▸ **EXERCISE BRIEF**:
Below are some records. Set down exactly the line holding "2016 Honda Civic" and every later line through the end, omitting the pictures.

▸ **Data records**:
•••••
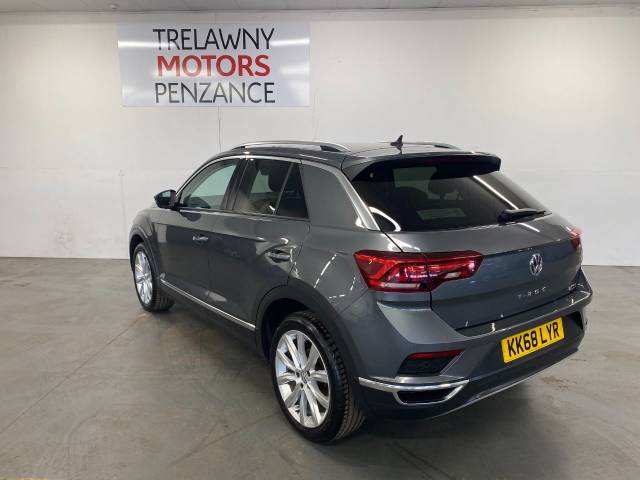 2019 Volkswagen T-Roc 2.0 TDI 4MOTION SEL 5dr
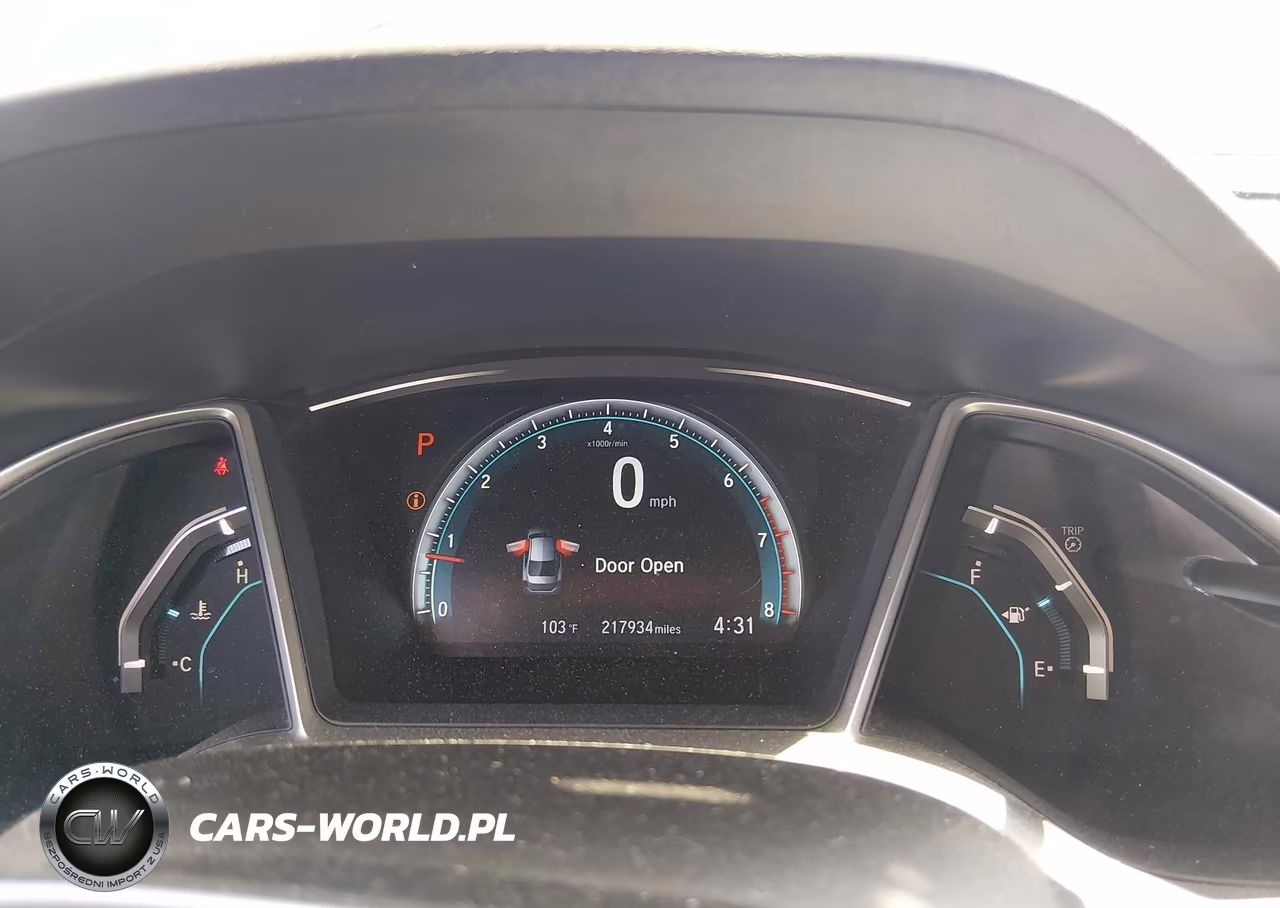 2016 Honda Civic Touring VIN:19XFC1F92GE211666 - 7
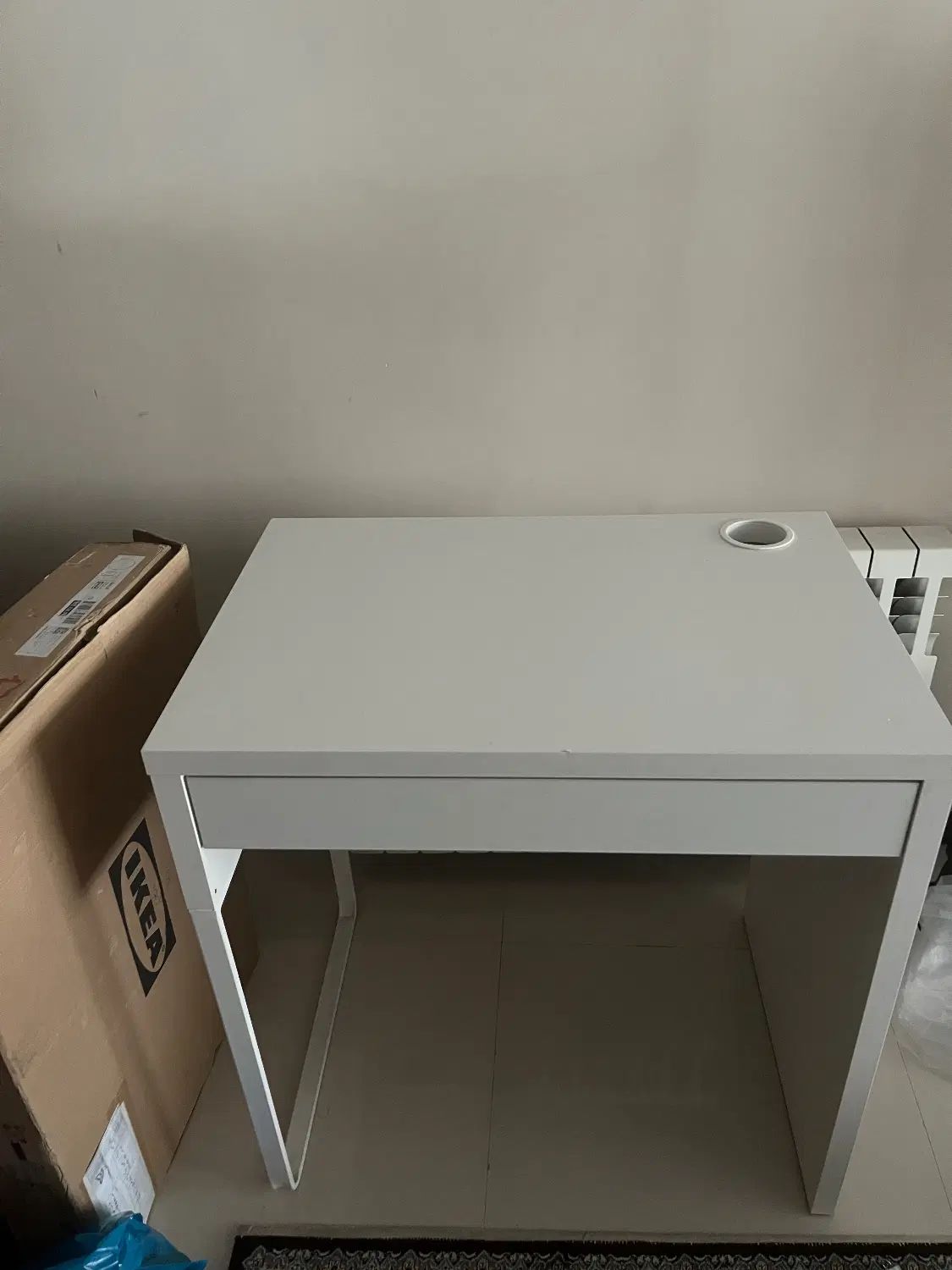 میز تحریر و کامپیوتر  ikea مدل micke|میز تحریر و کامپیوتر|تهران, بهارستان|دیوار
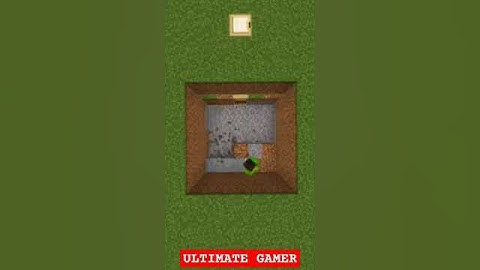 Easy Mob Farm 💪 #shorts #gaming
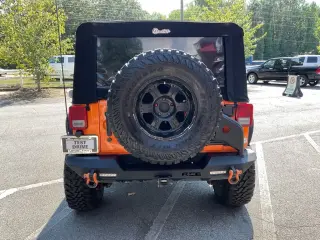 Jeep Wrangler Unlimited 2012 4x4 Sahara 4dr SUV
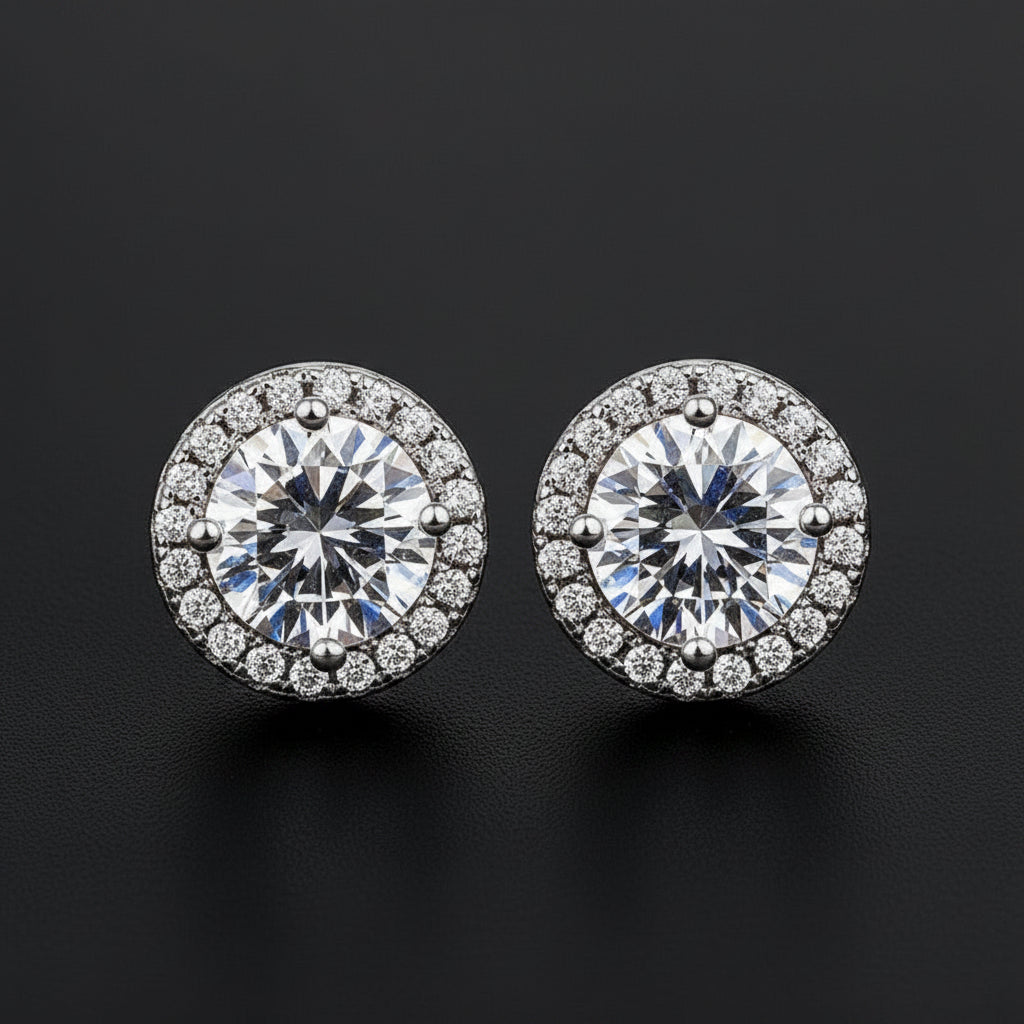 Miley – Pendientes Redondos Modernos Elegantes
•••••
▸ **EXERCISE RESULT**:
 2016 Honda Civic Touring VIN:19XFC1F92GE211666 - 7
 میز تحریر و کامپیوتر  ikea مدل micke|میز تحریر و کامپیوتر|تهران, بهارستان|دیوار
 Easy Mob Farm 💪 #shorts #gaming
 Jeep Wrangler Unlimited 2012 4x4 Sahara 4dr SUV
 Miley – Pendientes Redondos Modernos Elegantes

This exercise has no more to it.